Le succès ne doit pas non plus être le seul objectif du parti: il sera «un effet secondaire bienvenu» du travail bien fait. Martin Landolt a souligné qu'il entend profiler davantage le PBD. Le parti entend également croître, en Suisse romande surtout, «une région très importante pour la Suisse».

Martin Landolt a catégoriquement rejeté l'idée d'une fusion avec un autre parti. «En aucun cas, nous n'abandonnerons notre autonomie», a-t-il dit.

Appui du fondateur

Le président sortant Hans Grunder, 55 ans, qui a dirigé le parti depuis sa fondation, lui a apporté son soutien: «Notre maison est construite. Nos plans et notre programme sont définis et les frontières par rapport aux autres formations sont claires», qu'il s'agisse du PDC ou autre.

«Nous avons fondé le PBD, parce que la Suisse a besoin de nous», a ajouté Hans Grunder dans son discours d'adieu. Pour lui, les citoyens l'ont prouvé, en particulier lors des élections fédérales de l'automne dernier.

Pour Martin Landolt, celles-ci ont figuré parmi les plus grands succès de son prédécesseur, ainsi que la réélection de la conseillère fédérale Eveline Widmer-Schlumpf.

Différend fiscal

Dans son discours, la présidente de la Confédération a surtout évoqué la politique des finances, son ministère. Les négociations dans le différend fiscal avec les Etats-Unis seront ardues, a-t-elle pronostiqué. L'élaboration d'une stratégie de l'argent propre n'est pas facile non plus: «Il n'y a pas d'esprit de corps, ni parmi les banques, ni parmi les partis».

Pour résoudre les problèmes en lien avec le secret bancaire en Suisse, le Conseil fédéral entend proposer ces prochains mois une révision globale du droit pénal fiscal. Il s'agira notamment de savoir comment poursuivre la soustraction fallacieuse d'impôt. Un premier projet a été renvoyé dans les offices concernés en raison de «divergences juridiques», a-t-elle précisé.

Non au «managed care»

Surprise lors des mots d'ordre: les délégués recommandent le non au «managed care» soumis au vote le 17 juin. La décision a été prise par 100 voix contre 75 et 5 abstentions. Les critiques sont venues des sections romandes surtout. En fin de compte, la révision n'apporte que des inconvénients, ont argumenté les adversaires de l'objet.

Auparavant, le comité directeur avait pourtant recommandé à la base de soutenir la révision de la loi sur l'assurance maladie. Le conseiller national bernois Lorenz Hess et nouveau vice-président du PBD a tenté de convaincre l'assemblée qu'il valait la peine d'essayer de renforcer les réseaux de soins. La gauche s'y oppose uniquement parce qu'elle veut la caisse unique, a-t-il avancé.

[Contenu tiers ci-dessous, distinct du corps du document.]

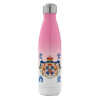 Pink/White (500ml)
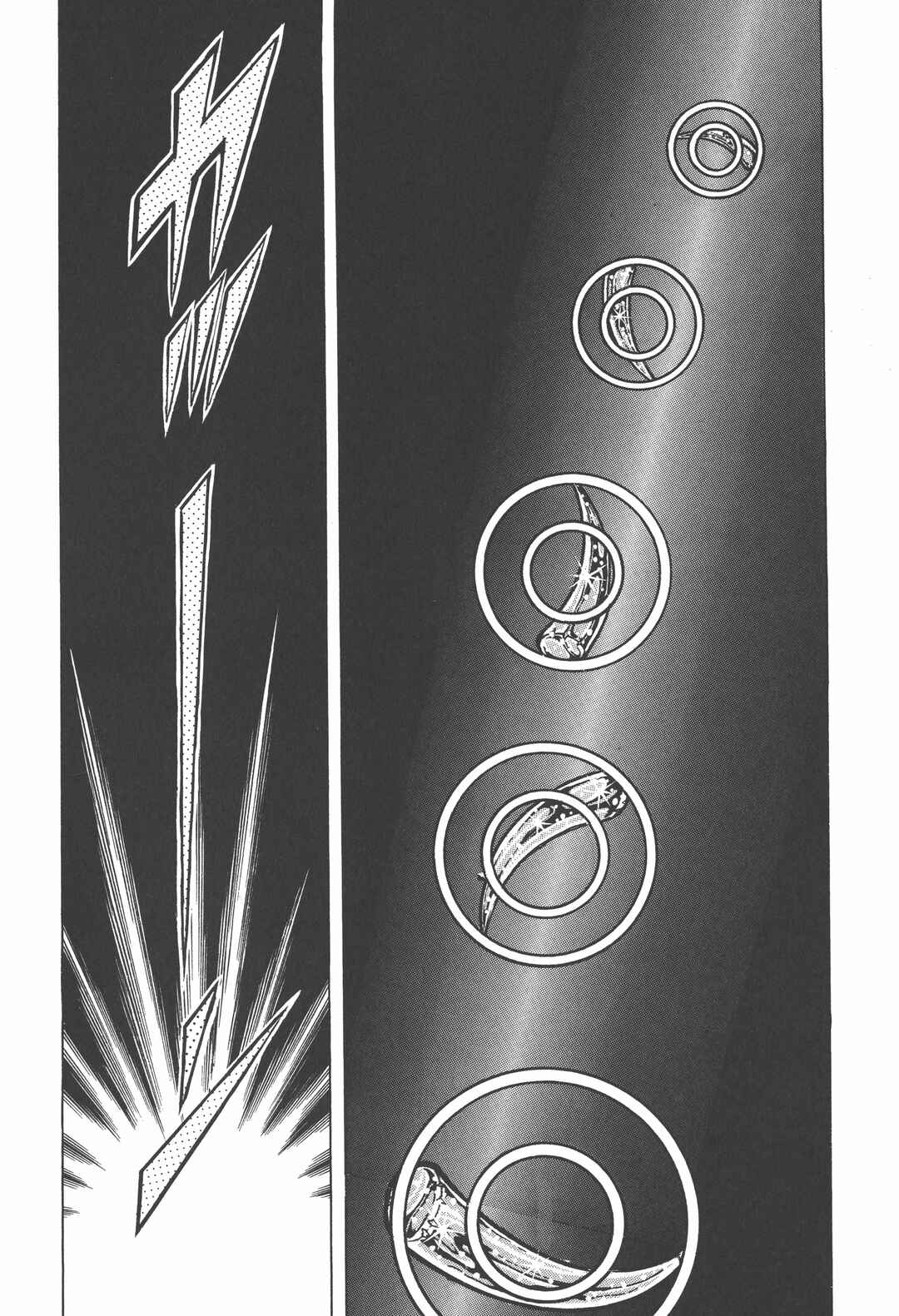 Page 36 Chapter 30 Saint Seiya Kanzenban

Non, presque unanime, aussi à l'initiative de l'ASIN «accords internationaux: la parole au peuple!», cette fois en accord avec la direction du parti. Quant à l'initiative «accéder à la propriété grâce à l'épargne-logement», le PBD donne la liberté de vote.

Le président sortant Hans Grunder a expliqué que le parti avait certes soutenu la dernière initiative sur l'épargne-logement, mais que le peuple l'a rejetée en mars. L'objet était déjà contesté au sein du parti, certaines sections cantonales s'étant prononcées contre, a-t-il rappelé. Les trois objets sont soumis au peuple le 17 juin.